• _Task details_:
The finished copy must match the records exactly, except that it contains no pictures.

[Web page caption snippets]
-------

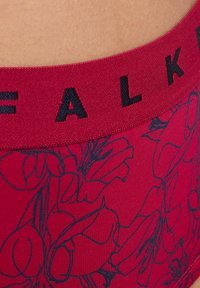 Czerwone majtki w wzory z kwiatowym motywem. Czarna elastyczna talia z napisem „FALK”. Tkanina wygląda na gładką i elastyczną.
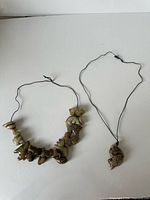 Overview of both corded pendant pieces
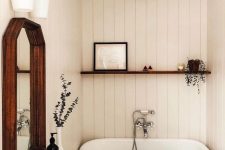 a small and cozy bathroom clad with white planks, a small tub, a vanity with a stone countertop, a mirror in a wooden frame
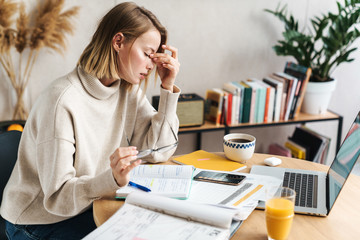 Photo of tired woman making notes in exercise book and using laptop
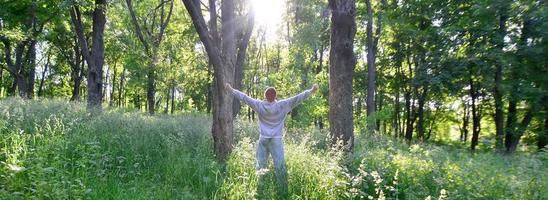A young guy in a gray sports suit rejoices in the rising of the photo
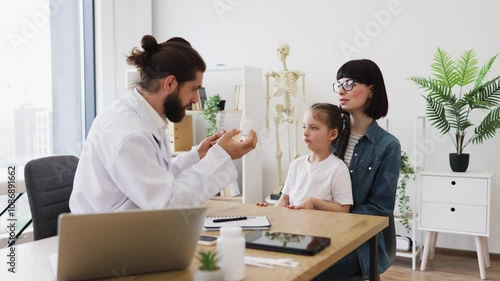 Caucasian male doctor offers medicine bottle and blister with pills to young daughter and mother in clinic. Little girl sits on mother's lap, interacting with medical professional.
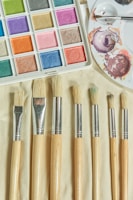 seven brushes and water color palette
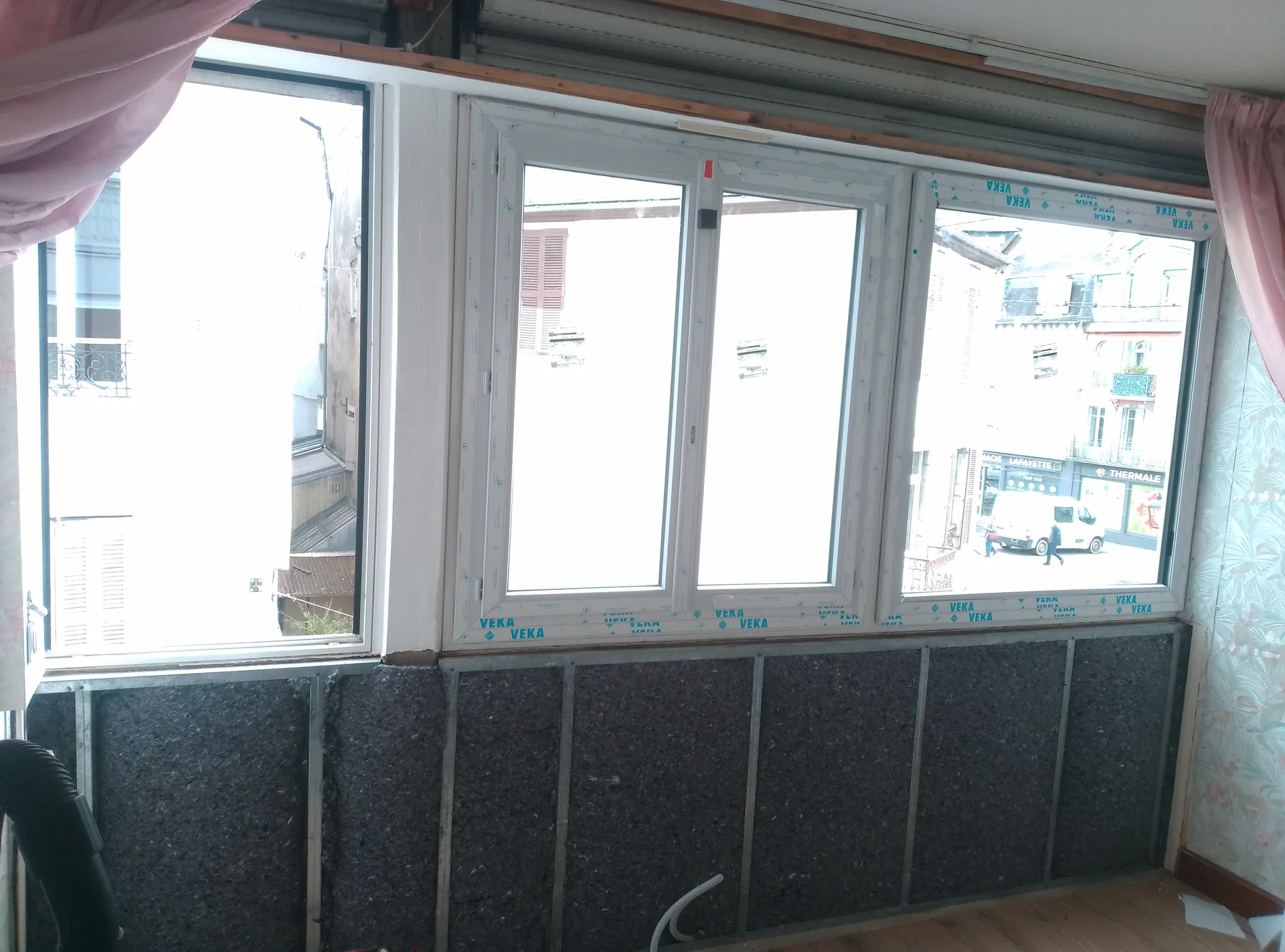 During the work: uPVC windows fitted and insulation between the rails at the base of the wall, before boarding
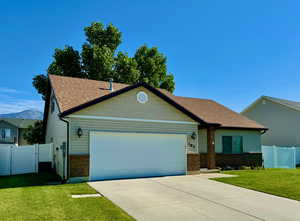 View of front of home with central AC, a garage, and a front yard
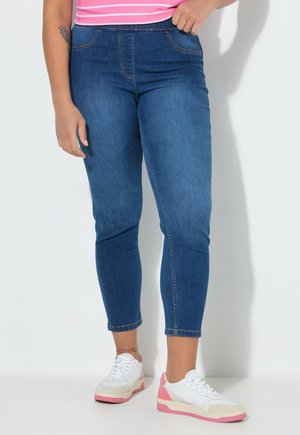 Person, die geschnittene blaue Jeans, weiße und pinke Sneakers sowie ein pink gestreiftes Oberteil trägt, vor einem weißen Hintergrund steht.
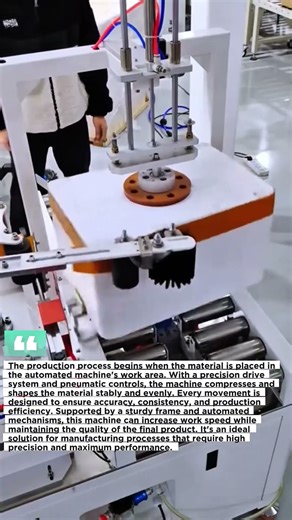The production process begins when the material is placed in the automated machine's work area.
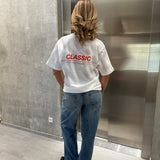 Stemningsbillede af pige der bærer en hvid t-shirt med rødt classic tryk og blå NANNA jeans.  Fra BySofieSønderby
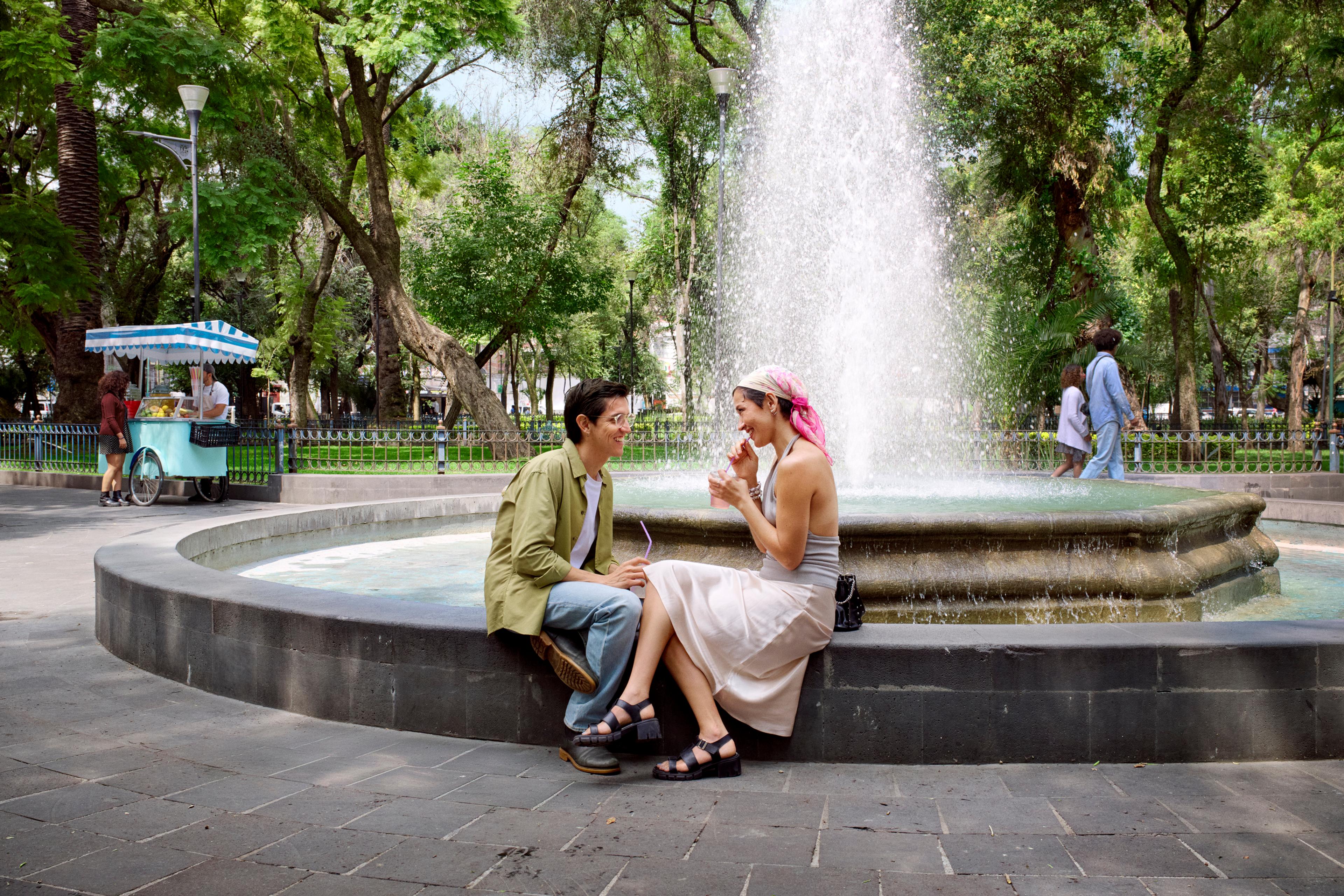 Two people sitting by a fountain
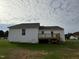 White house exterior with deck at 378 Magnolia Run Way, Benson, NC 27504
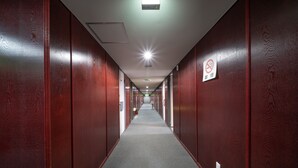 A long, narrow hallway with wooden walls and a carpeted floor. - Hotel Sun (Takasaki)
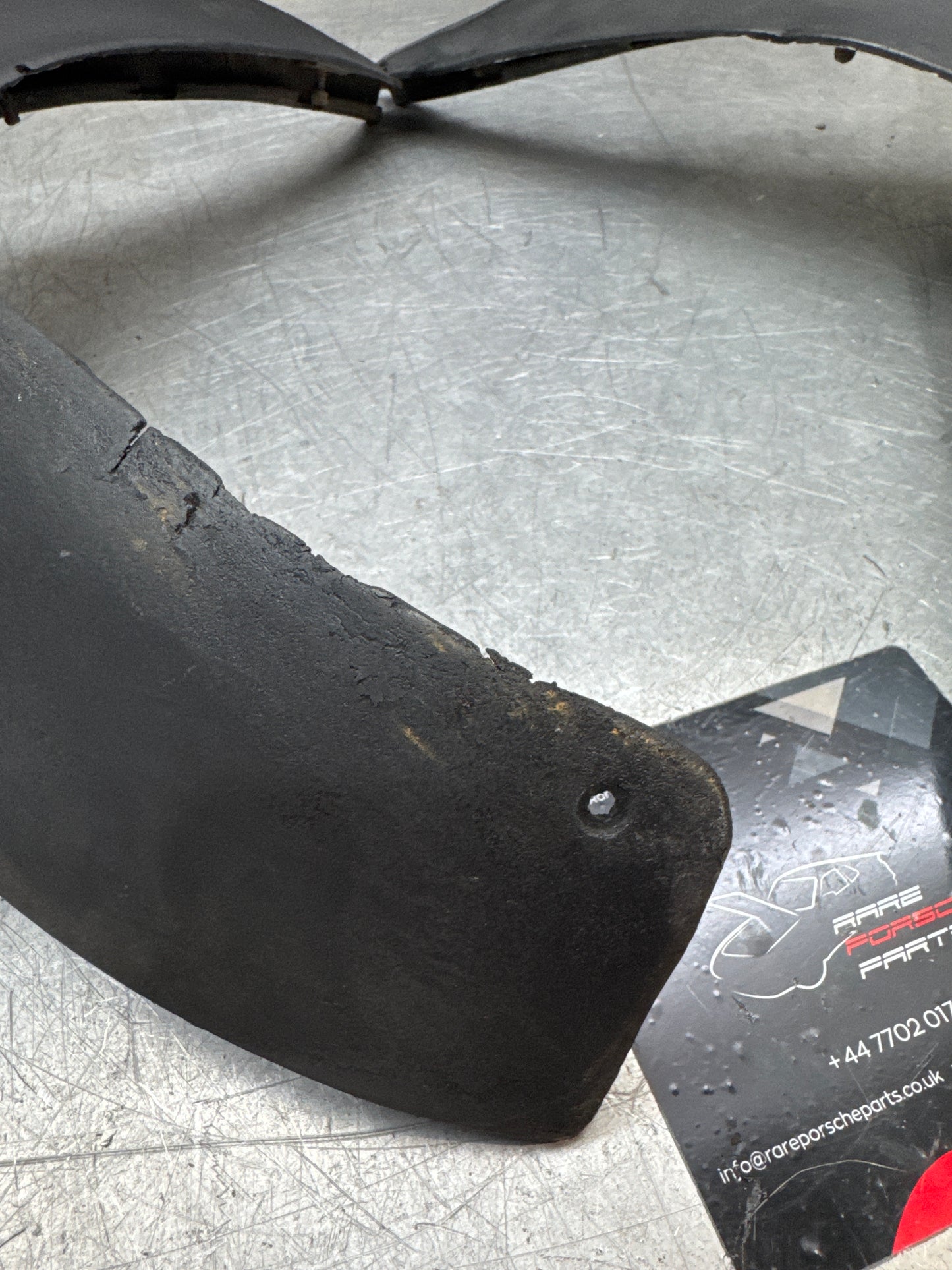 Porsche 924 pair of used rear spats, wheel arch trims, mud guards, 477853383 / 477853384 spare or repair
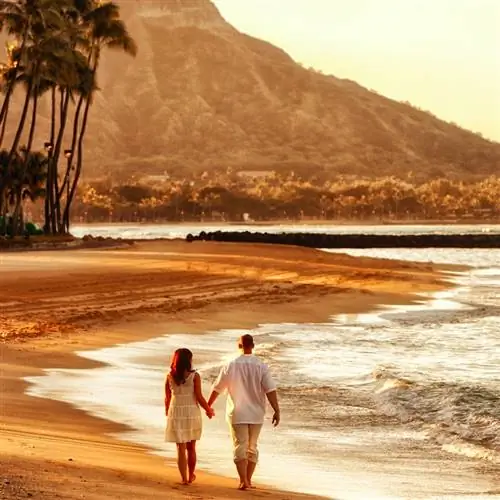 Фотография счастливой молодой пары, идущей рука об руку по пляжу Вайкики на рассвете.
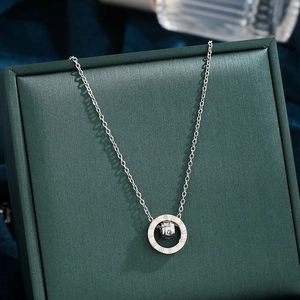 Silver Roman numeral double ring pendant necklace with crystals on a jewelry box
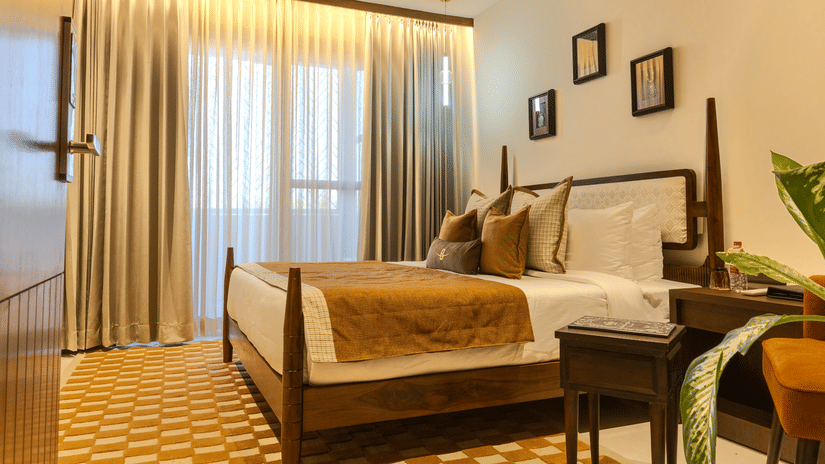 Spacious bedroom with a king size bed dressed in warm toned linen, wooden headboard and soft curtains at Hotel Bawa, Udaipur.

-------

• _Task solution_:
 Czerwone majtki w wzory z kwiatowym motywem. Czarna elastyczna talia z napisem „FALK”. Tkanina wygląda na gładką i elastyczną.
 Overview of both corded pendant pieces
 a small and cozy bathroom clad with white planks, a small tub, a vanity with a stone countertop, a mirror in a wooden frame
 Photo of tired woman making notes in exercise book and using laptop
A young guy in a gray sports suit rejoices in the rising of the photo
 Caucasian male doctor offers medicine bottle and blister with pills to young daughter and mother in clinic. Little girl sits on mother's lap, interacting with medical professional.
 seven brushes and water color palette
 During the work: uPVC windows fitted and insulation between the rails at the base of the wall, before boarding
 View of front of home with central AC, a garage, and a front yard
 Person, die geschnittene blaue Jeans, weiße und pinke Sneakers sowie ein pink gestreiftes Oberteil trägt, vor einem weißen Hintergrund steht.
The production process begins when the material is placed in the automated machine's work area.
 Stemningsbillede af pige der bærer en hvid t-shirt med rødt classic tryk og blå NANNA jeans.  Fra BySofieSønderby
 Two people sitting by a fountain
 White house exterior with deck at 378 Magnolia Run Way, Benson, NC 27504
 A long, narrow hallway with wooden walls and a carpeted floor. - Hotel Sun (Takasaki)
 Porsche 924 pair of used rear spats, wheel arch trims, mud guards, 477853383 / 477853384 spare or repair
 Фотография счастливой молодой пары, идущей рука об руку по пляжу Вайкики на рассвете.
 Silver Roman numeral double ring pendant necklace with crystals on a jewelry box
 Spacious bedroom with a king size bed dressed in warm toned linen, wooden headboard and soft curtains at Hotel Bawa, Udaipur.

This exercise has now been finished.